- **Exercise brief**
All of the data below should come back exactly as written, minus its images.

^^^^^^^^

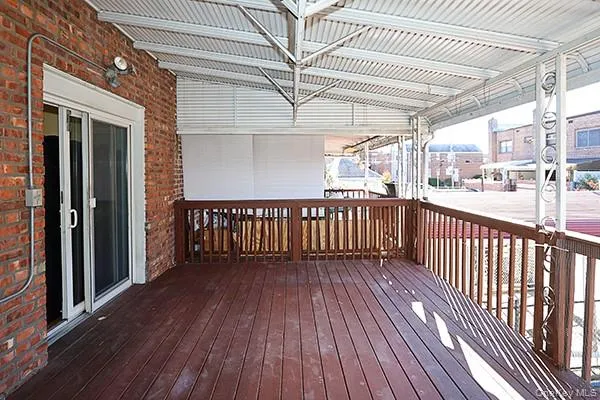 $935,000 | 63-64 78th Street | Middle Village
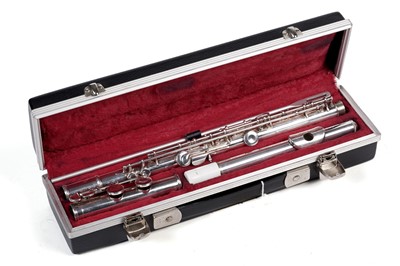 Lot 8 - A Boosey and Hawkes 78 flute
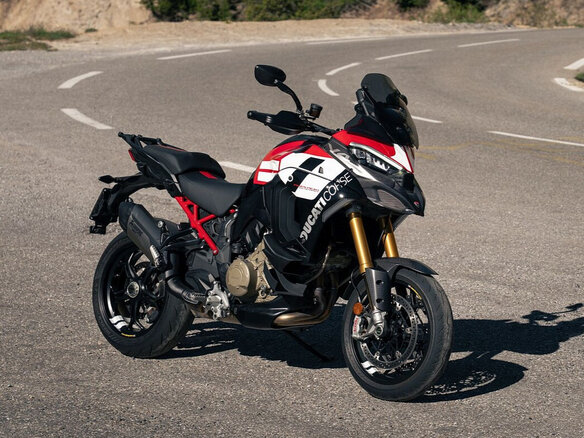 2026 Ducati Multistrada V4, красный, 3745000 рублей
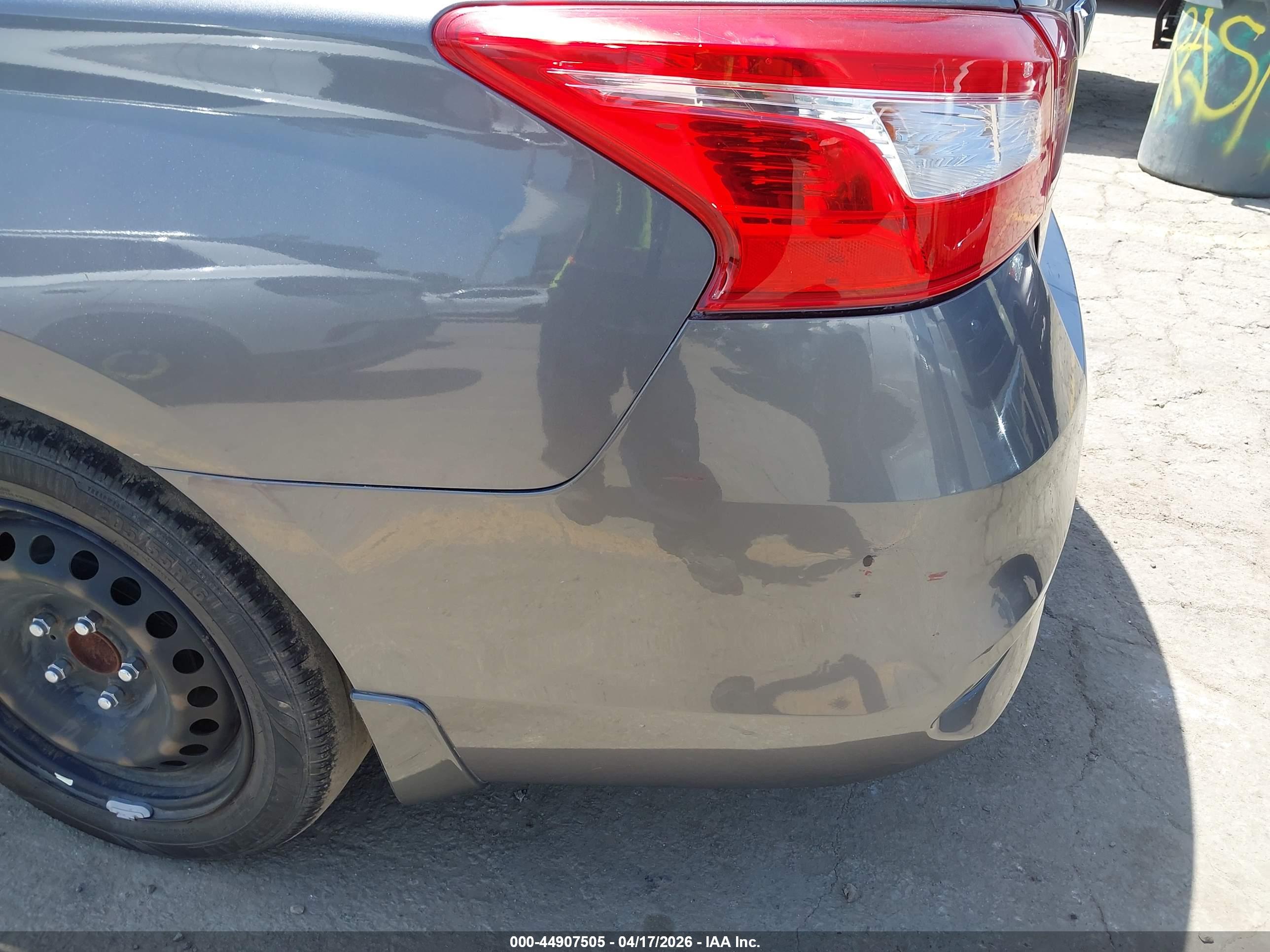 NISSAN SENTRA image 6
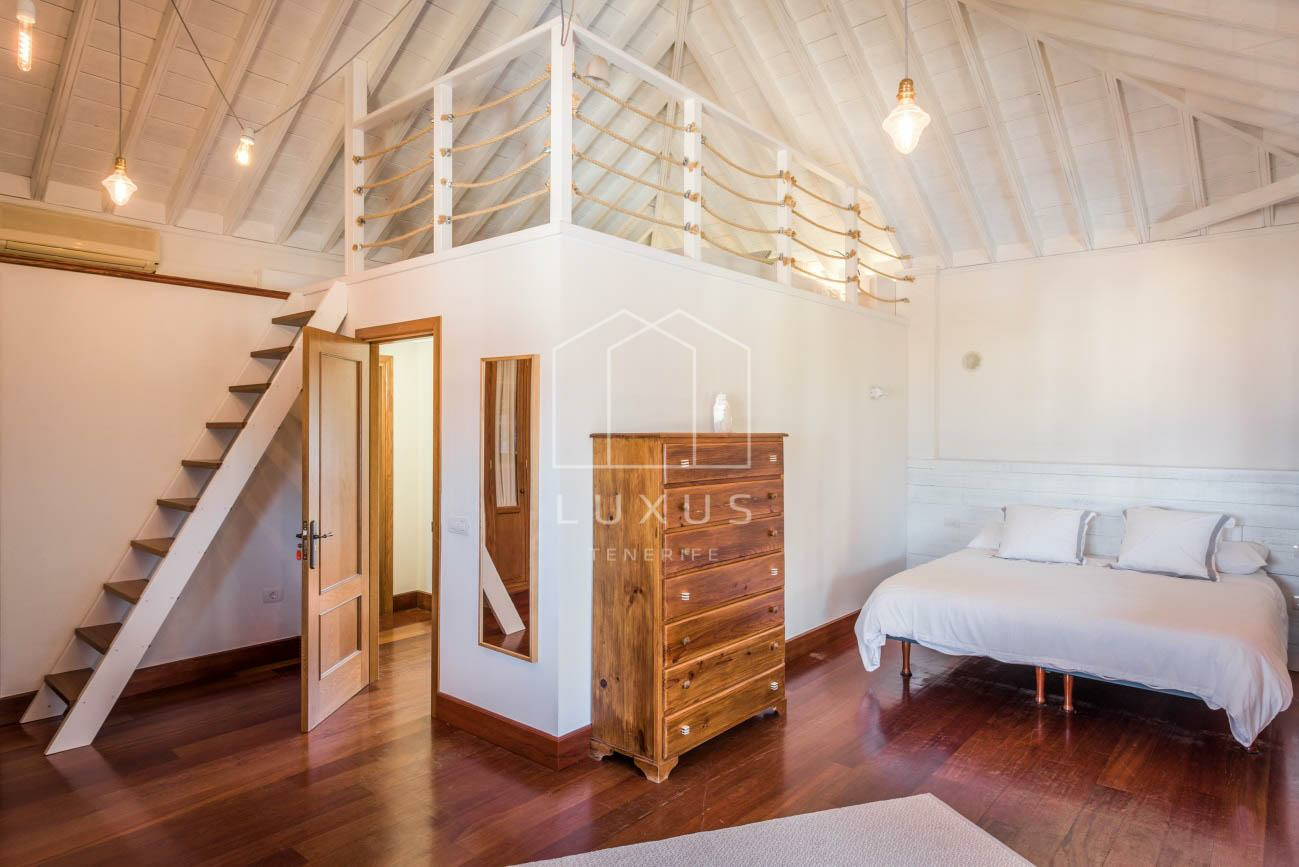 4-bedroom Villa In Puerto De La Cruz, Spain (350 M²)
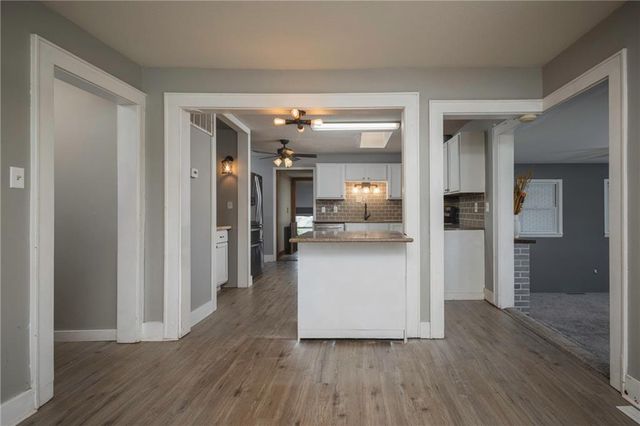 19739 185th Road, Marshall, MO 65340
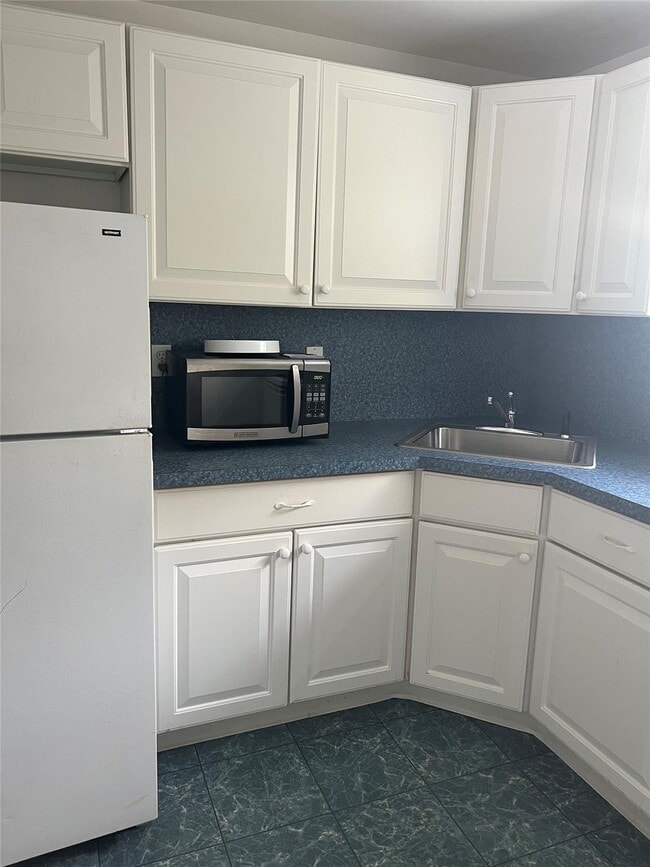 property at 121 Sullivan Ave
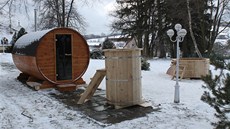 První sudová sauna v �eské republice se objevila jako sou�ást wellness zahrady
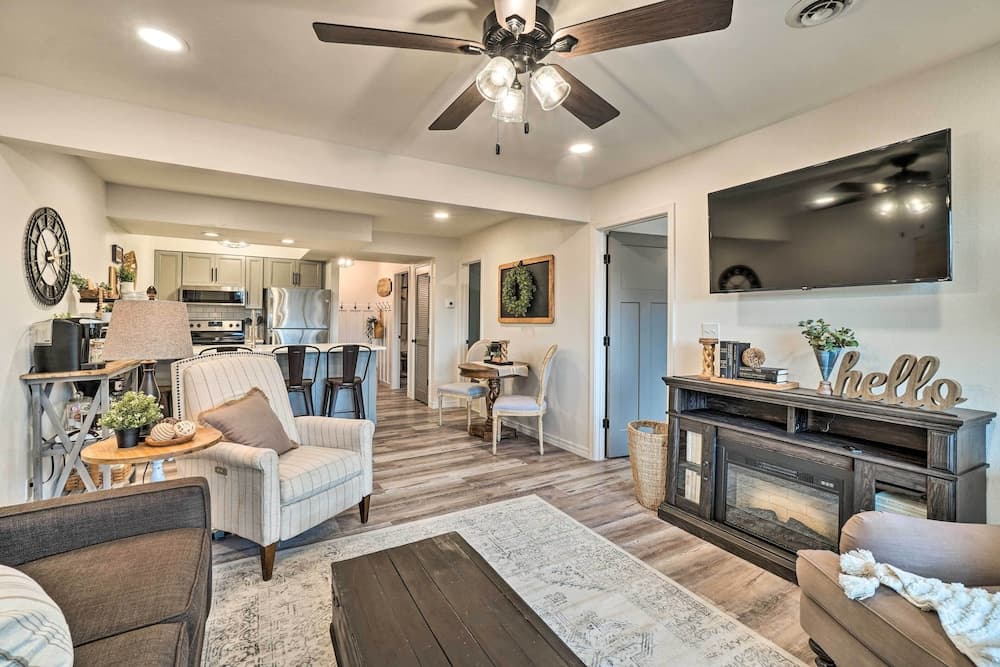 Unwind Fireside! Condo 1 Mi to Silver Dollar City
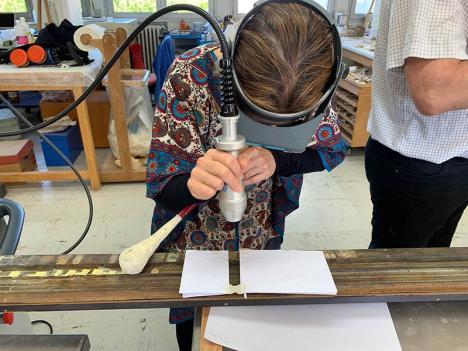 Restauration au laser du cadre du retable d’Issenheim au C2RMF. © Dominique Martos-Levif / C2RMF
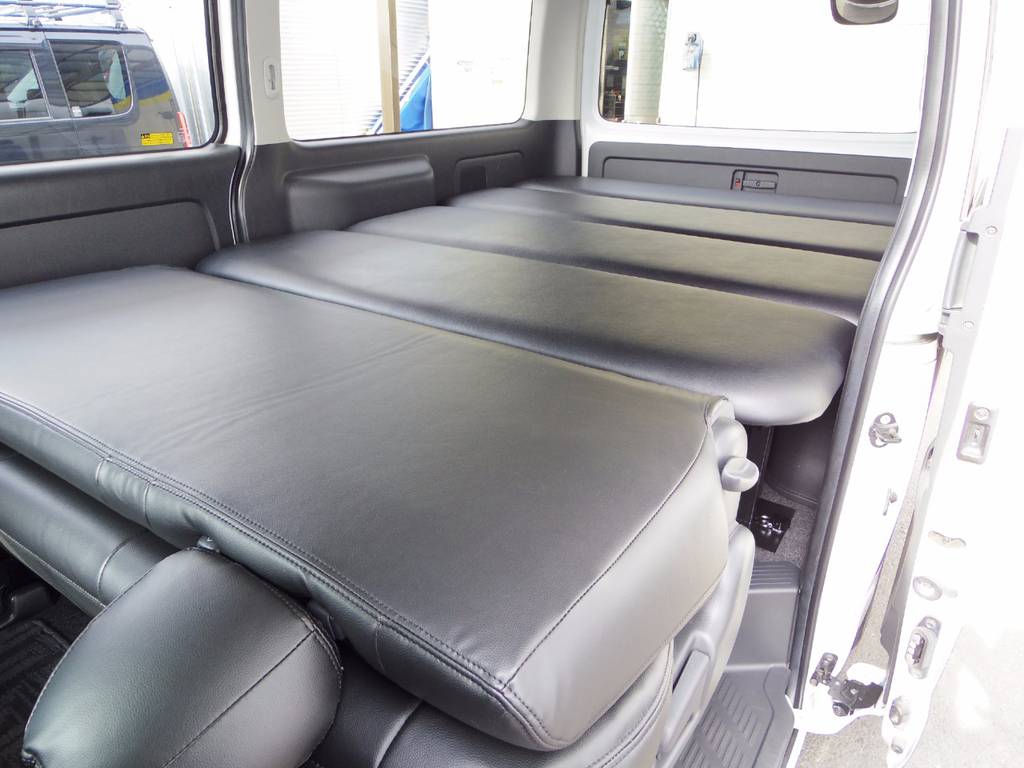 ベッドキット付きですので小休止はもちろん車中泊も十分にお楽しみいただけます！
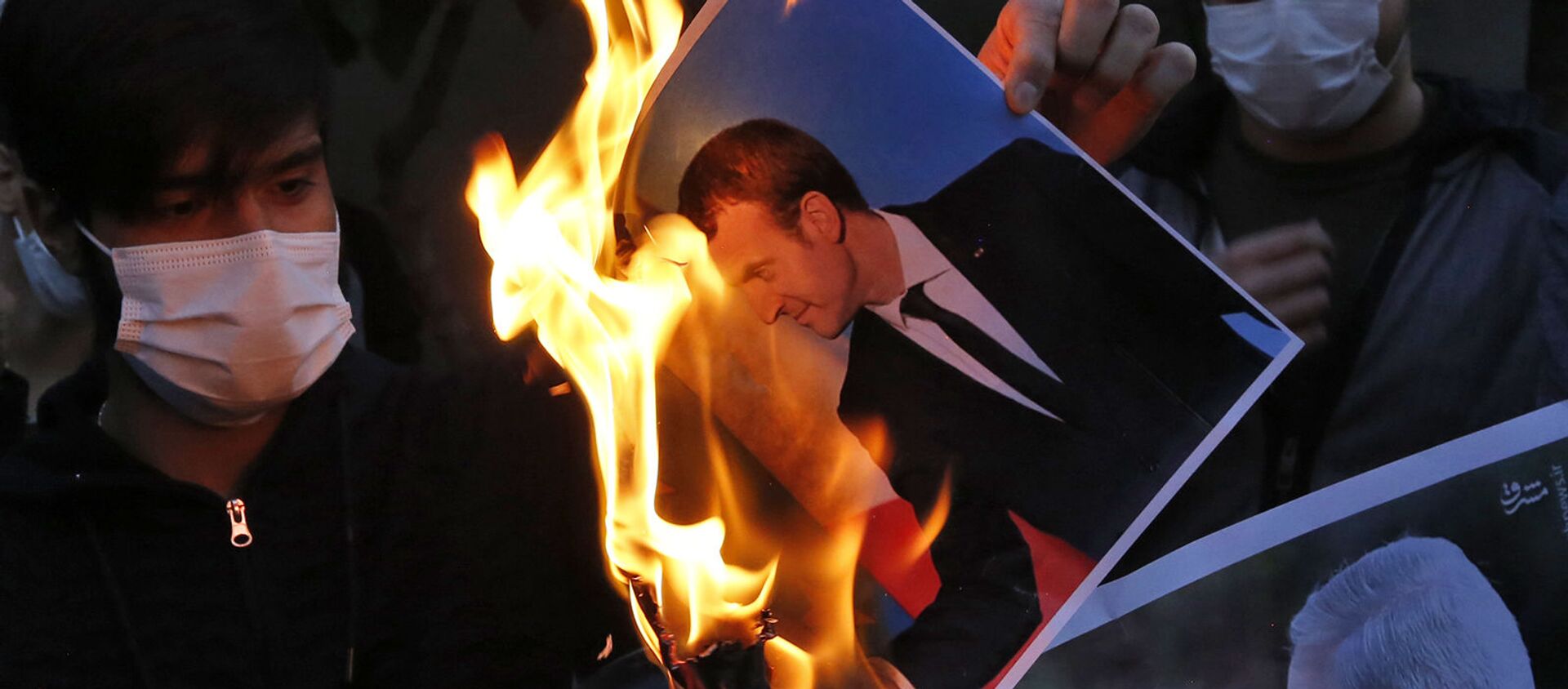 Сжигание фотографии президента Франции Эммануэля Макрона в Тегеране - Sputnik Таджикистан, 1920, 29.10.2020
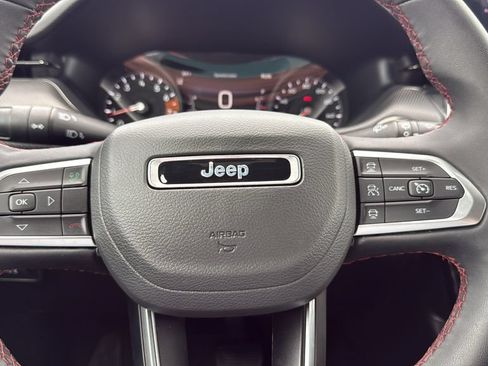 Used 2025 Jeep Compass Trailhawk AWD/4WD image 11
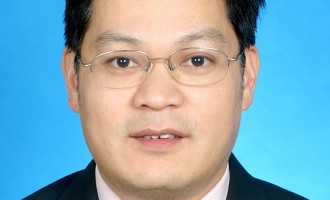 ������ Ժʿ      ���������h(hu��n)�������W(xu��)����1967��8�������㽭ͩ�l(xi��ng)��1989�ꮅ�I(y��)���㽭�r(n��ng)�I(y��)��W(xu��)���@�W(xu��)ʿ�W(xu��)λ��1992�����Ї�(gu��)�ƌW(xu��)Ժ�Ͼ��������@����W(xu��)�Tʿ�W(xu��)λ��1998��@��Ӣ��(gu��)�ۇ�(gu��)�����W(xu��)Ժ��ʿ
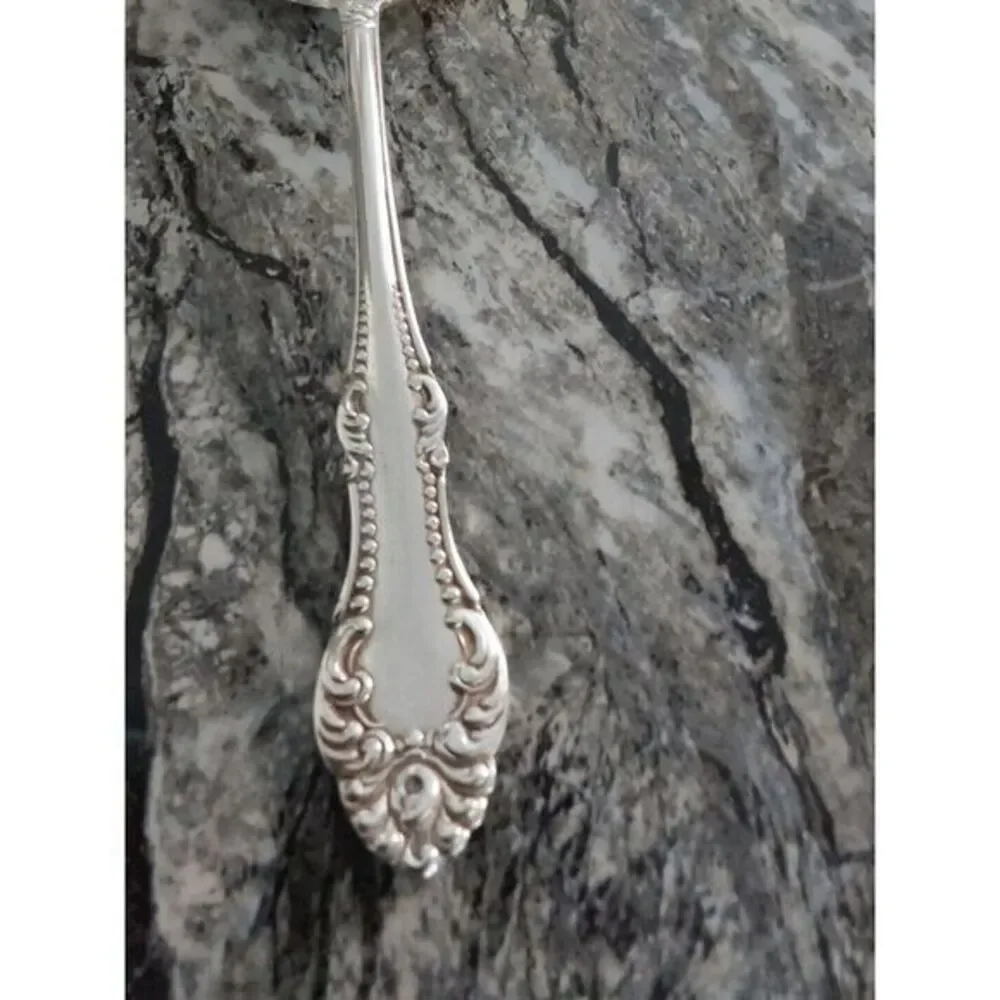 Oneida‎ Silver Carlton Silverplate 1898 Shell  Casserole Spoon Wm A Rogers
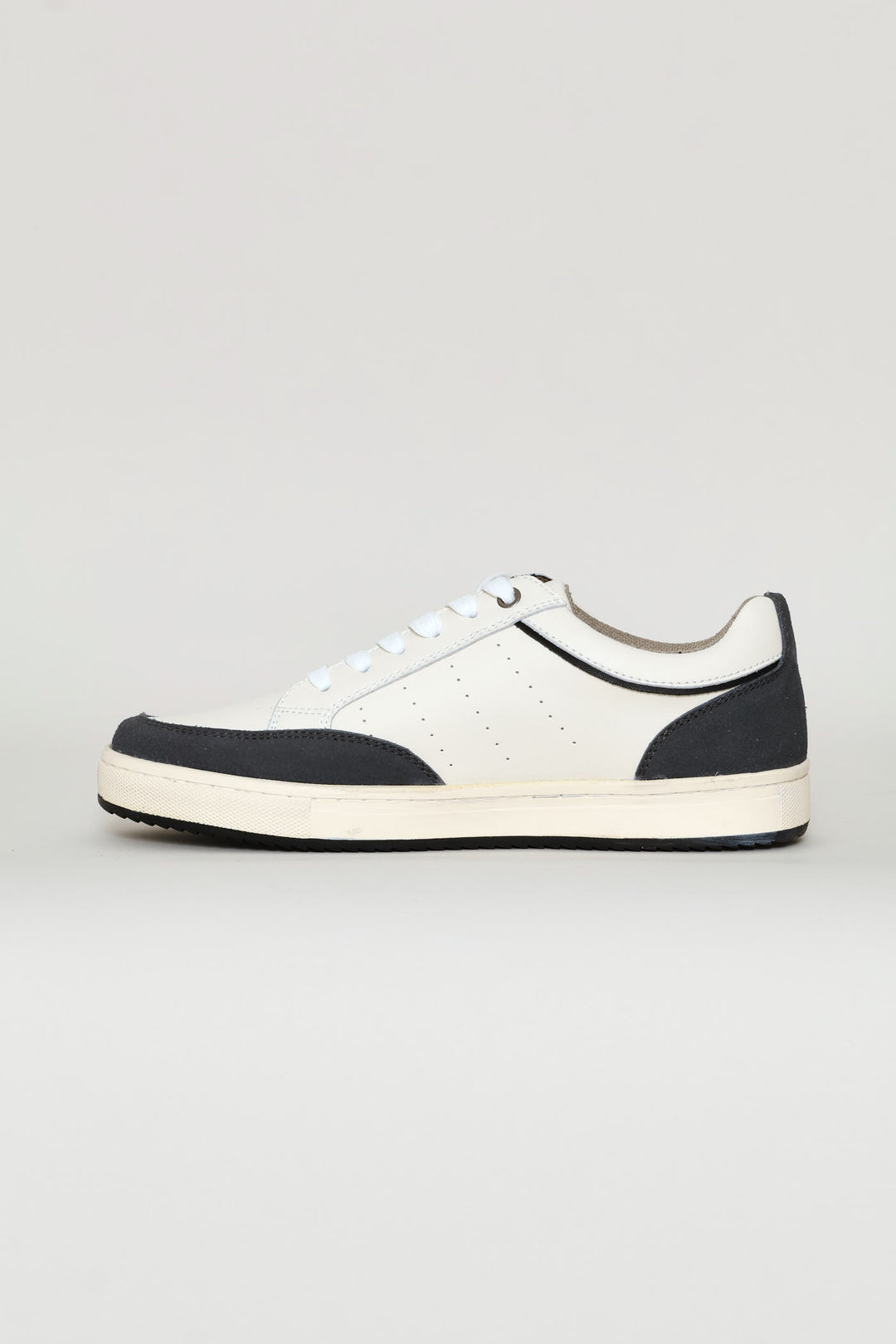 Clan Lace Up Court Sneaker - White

^^^^^^^^

- **Answer box**
 $935,000 | 63-64 78th Street | Middle Village
 Lot 8 - A Boosey and Hawkes 78 flute
 2026 Ducati Multistrada V4, красный, 3745000 рублей
 NISSAN SENTRA image 6
 4-bedroom Villa In Puerto De La Cruz, Spain (350 M²)
 19739 185th Road, Marshall, MO 65340
 property at 121 Sullivan Ave
 První sudová sauna v �eské republice se objevila jako sou�ást wellness zahrady
 Unwind Fireside! Condo 1 Mi to Silver Dollar City
 Restauration au laser du cadre du retable d’Issenheim au C2RMF. © Dominique Martos-Levif / C2RMF
 ベッドキット付きですので小休止はもちろん車中泊も十分にお楽しみいただけます！
 Сжигание фотографии президента Франции Эммануэля Макрона в Тегеране - Sputnik Таджикистан, 1920, 29.10.2020
 Used 2025 Jeep Compass Trailhawk AWD/4WD image 11
 ������ Ժʿ      ���������h(hu��n)�������W(xu��)����1967��8�������㽭ͩ�l(xi��ng)��1989�ꮅ�I(y��)���㽭�r(n��ng)�I(y��)��W(xu��)���@�W(xu��)ʿ�W(xu��)λ��1992�����Ї�(gu��)�ƌW(xu��)Ժ�Ͼ��������@����W(xu��)�Tʿ�W(xu��)λ��1998��@��Ӣ��(gu��)�ۇ�(gu��)�����W(xu��)Ժ��ʿ
 Oneida‎ Silver Carlton Silverplate 1898 Shell  Casserole Spoon Wm A Rogers
 Clan Lace Up Court Sneaker - White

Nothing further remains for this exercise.